Assignment server delivers "wrong" unit

Post by anko1 »

Not sure if this should be here or in the WU forum, but I have a dual core running SMP (this is the Sager lap top) and got assigned a 3043, which there is no way I can finish in the 1.5 day preferred deadline. I thought someone might want to look into the assignment logic. Here's the log:

Code: Select all

[13:51:24] Sending work to server
[13:51:24] Project: 2653 (Run 36, Clone 113, Gen 114)


[13:51:24] + Attempting to send results [February 23 13:51:24 UTC]
[13:51:24] - Reading file work/wuresults_04.dat from core
[13:51:24]   (Read 5521987 bytes from disk)
[13:51:24] Connecting to http://171.64.65.64:8080/
[13:51:43] Posted data.
[13:51:43] Initial: 0000; - Uploaded at ~283 kB/s
[13:51:43] - Averaged speed for that direction ~315 kB/s
[13:51:43] + Results successfully sent
[13:51:43] Thank you for your contribution to Folding@Home.
[13:51:43] + Number of Units Completed: 43

[13:51:47] - Warning: Could not delete all work unit files (4): Core returned invalid code
[13:51:47] Trying to send all finished work units
[13:51:47] + No unsent completed units remaining.
[13:51:47] - Preparing to get new work unit...
[13:51:47] + Attempting to get work packet
[13:51:47] - Will indicate memory of 2046 MB
[13:51:47] - Connecting to assignment server
[13:51:47] Connecting to http://assign.stanford.edu:8080/
[13:51:48] Posted data.
[13:51:48] Initial: 40AB; - Successful: assigned to (171.64.65.63).
[13:51:48] + News From Folding@Home: Welcome to Folding@Home
[13:51:48] Loaded queue successfully.
[13:51:48] Connecting to http://171.64.65.63:8080/
[13:51:48] Posted data.
[13:51:48] Initial: 0000; - Receiving payload (expected size: 283401)
[13:51:49] - Downloaded at ~276 kB/s
[13:51:49] - Averaged speed for that direction ~718 kB/s
[13:51:49] + Received work.
[13:51:49] Trying to send all finished work units
[13:51:49] + No unsent completed units remaining.
[13:51:49] + Closed connections
[13:51:49] 
[13:51:49] + Processing work unit
[13:51:49] Work type a1 not eligible for variable processors
[13:51:49] Core required: FahCore_a1.exe
[13:51:49] Core found.
[13:51:49] Using generic mpiexec calls
[13:51:49] Working on queue slot 05 [February 23 13:51:49 UTC]
[13:51:49] + Working ...
[13:51:49] - Calling 'mpiexec -np 4 -channel auto -host 127.0.0.1 FahCore_a1.exe -dir work/ -suffix 05 -checkpoint 15 -verbose -lifeline 3864 -version 623'

[13:51:49] 
[13:51:49] *------------------------------*
[13:51:49] Folding@Home Gromacs SMP Core
[13:51:49] Version 1.74 (March 10, 2007)
[13:51:49] 
[13:51:49] Preparing to commence simulation
[13:51:49] - Ensuring status.
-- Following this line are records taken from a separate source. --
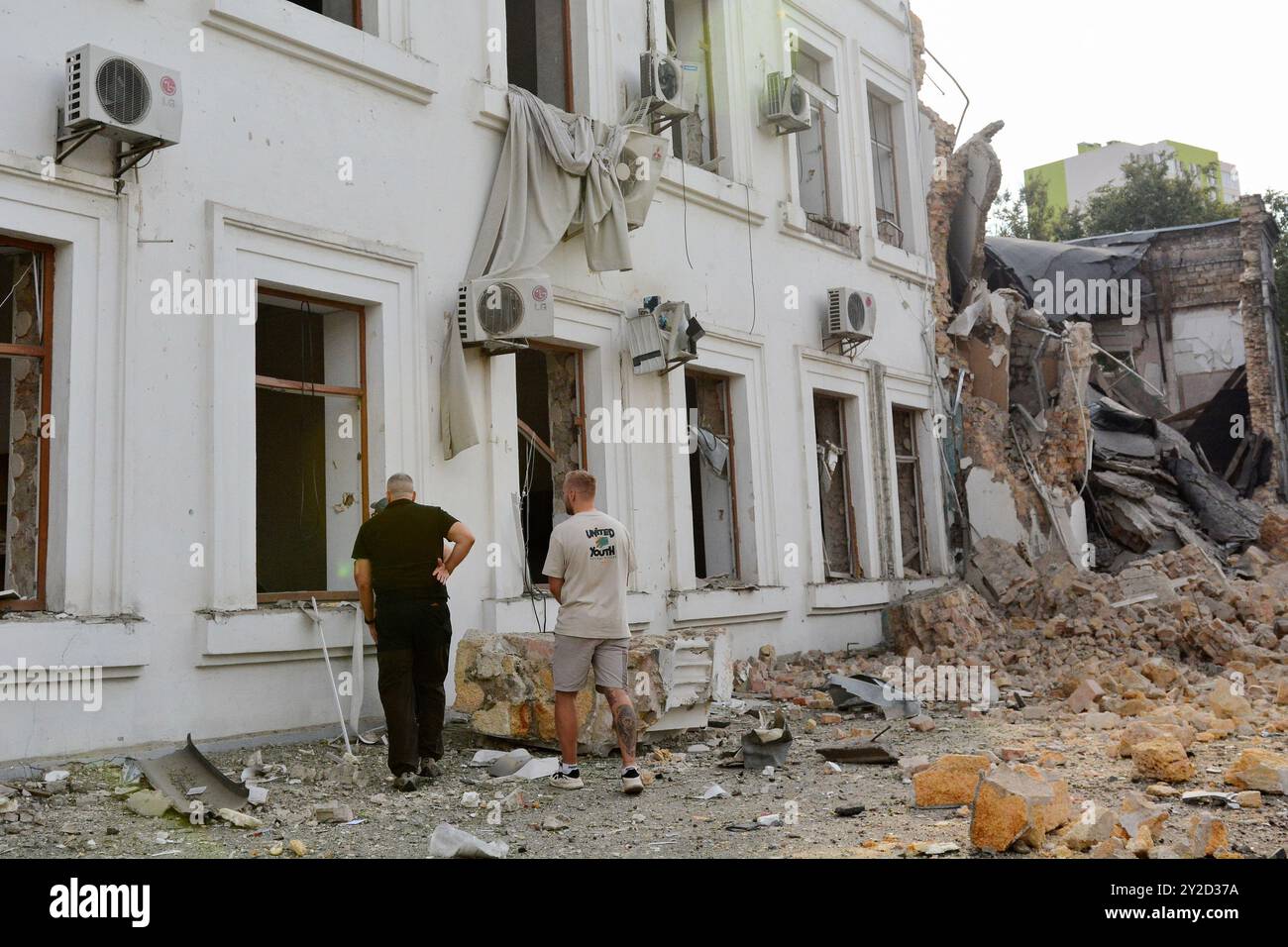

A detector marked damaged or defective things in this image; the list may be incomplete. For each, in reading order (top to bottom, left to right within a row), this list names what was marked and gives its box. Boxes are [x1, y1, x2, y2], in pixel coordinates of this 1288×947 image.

broken window [285, 0, 359, 29]
broken window [503, 0, 571, 112]
broken window [662, 0, 721, 173]
broken window [789, 47, 836, 222]
broken window [864, 92, 904, 246]
broken window [0, 239, 52, 606]
broken window [254, 291, 367, 598]
damaged facade [0, 0, 943, 757]
broken window [515, 345, 587, 586]
broken window [678, 372, 737, 582]
broken window [812, 392, 852, 579]
broken window [892, 406, 923, 579]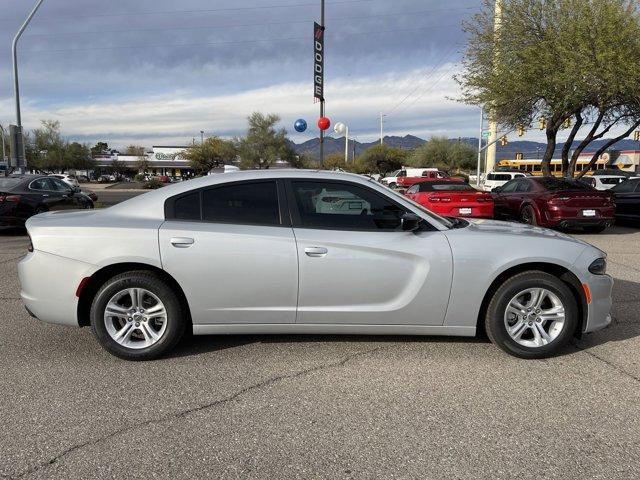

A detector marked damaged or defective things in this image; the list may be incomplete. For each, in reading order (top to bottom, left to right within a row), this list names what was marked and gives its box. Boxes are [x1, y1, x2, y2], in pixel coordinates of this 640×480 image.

parking lot crack [5, 344, 388, 476]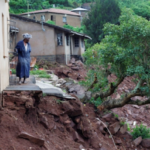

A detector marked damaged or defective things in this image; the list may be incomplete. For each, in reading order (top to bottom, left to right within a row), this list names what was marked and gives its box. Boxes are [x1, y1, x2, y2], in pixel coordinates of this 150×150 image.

damaged building [10, 14, 91, 64]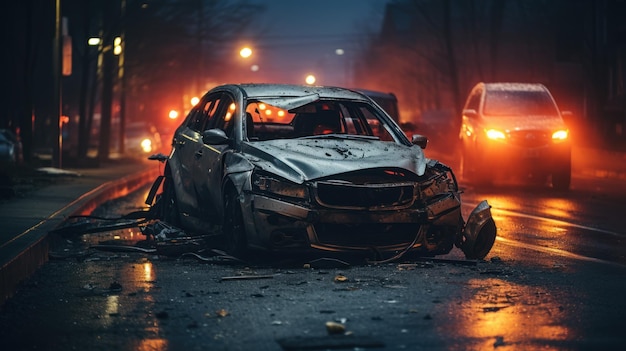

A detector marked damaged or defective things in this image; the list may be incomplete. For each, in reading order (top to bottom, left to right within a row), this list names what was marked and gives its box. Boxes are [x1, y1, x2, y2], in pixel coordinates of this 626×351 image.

shattered windshield [245, 99, 400, 143]
shattered windshield [482, 91, 556, 117]
crumpled hood [478, 115, 564, 132]
severely damaged car [146, 83, 492, 262]
crumpled hood [239, 138, 424, 184]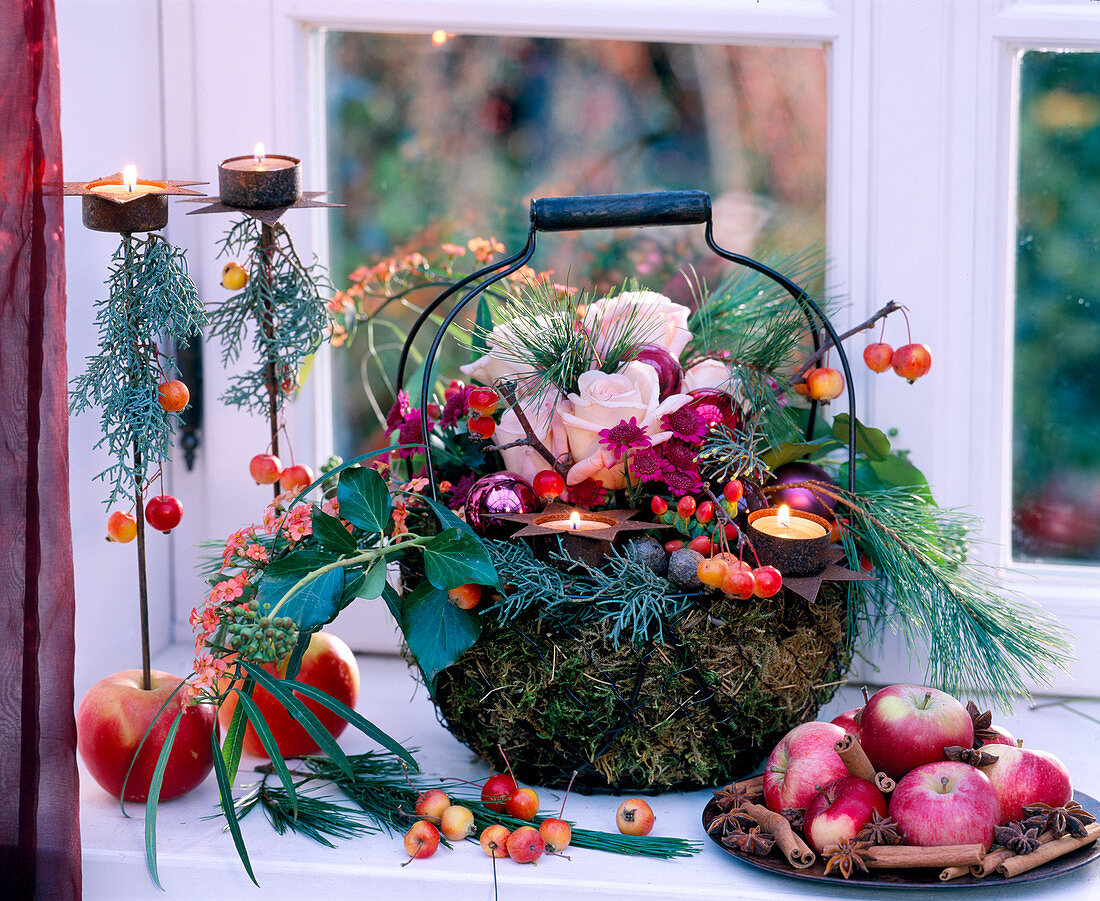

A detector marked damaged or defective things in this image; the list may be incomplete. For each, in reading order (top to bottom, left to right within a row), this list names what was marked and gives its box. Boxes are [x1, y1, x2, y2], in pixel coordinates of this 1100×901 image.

rust metal star [62, 173, 207, 200]
rust metal star [181, 188, 340, 225]
rust metal star [784, 544, 880, 600]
Please wait- Created dyn
[13:51:49] - Files status OK
[13:51:50] - Expanded 282889 -> 1508541 (decompressed 533.2 percent)
[13:51:50] - Starting from initial work packet
[13:51:50] 
[13:51:50] Project: 3043 (Run 2, Clone 54, Gen 40)
[13:51:50] 
[13:51:50] Assembly optimizations on if available.
[13:51:50] Entering M.D.
[13:52:07] 2 percent)
[13:52:07] - Starting from initial work packet
[13:52:07] 
[13:52:07] Project: 3Entering M.D.
[13:52:07] one 54, Gen 40)
[13:52:07] 
[13:52:07] Entering M.D.
[13:52:13] cal files
[13:52:13] ocal files
[13:52:13] Extra SSE boost OK.
[13:52:13] ocal files
[13:52:13] Extra SSE boost OK.
[14:07:14] int triggered.
[14:22:14] Timered checkpoint triggered.
[14:36:31] Writing local files
[14:36:31] Completed 100000 out of 10000000 steps  (1 percent)
[14:51:31] Timered checkpoint triggered.
[15:06:32] Timered checkpoint triggered.
[15:20:05] Writing local files
[15:20:05] Completed 200000 out of 10000000 steps  (2 percent)
Normally I get 2653s and 2665s which process fine.
susato
Site Moderator
Posts: 511
Joined: Fri Nov 30, 2007 4:57 am
Location: Team MacOSX
Contact:

Re: Assignment server delivers "wrong" unit

Post by susato »

You have the right forum because the source of this work unit is a server problem. When the duallie SMP server is down (171.67.65.56) - and only when it's down - dual-core machines are shifted to server 171.64.65.63 which usually provisions quad-core Folding machines. The PG knows that some duallies can't finish these units, but all in all it's better to provide oversize work units temporarily than to have no work available at all.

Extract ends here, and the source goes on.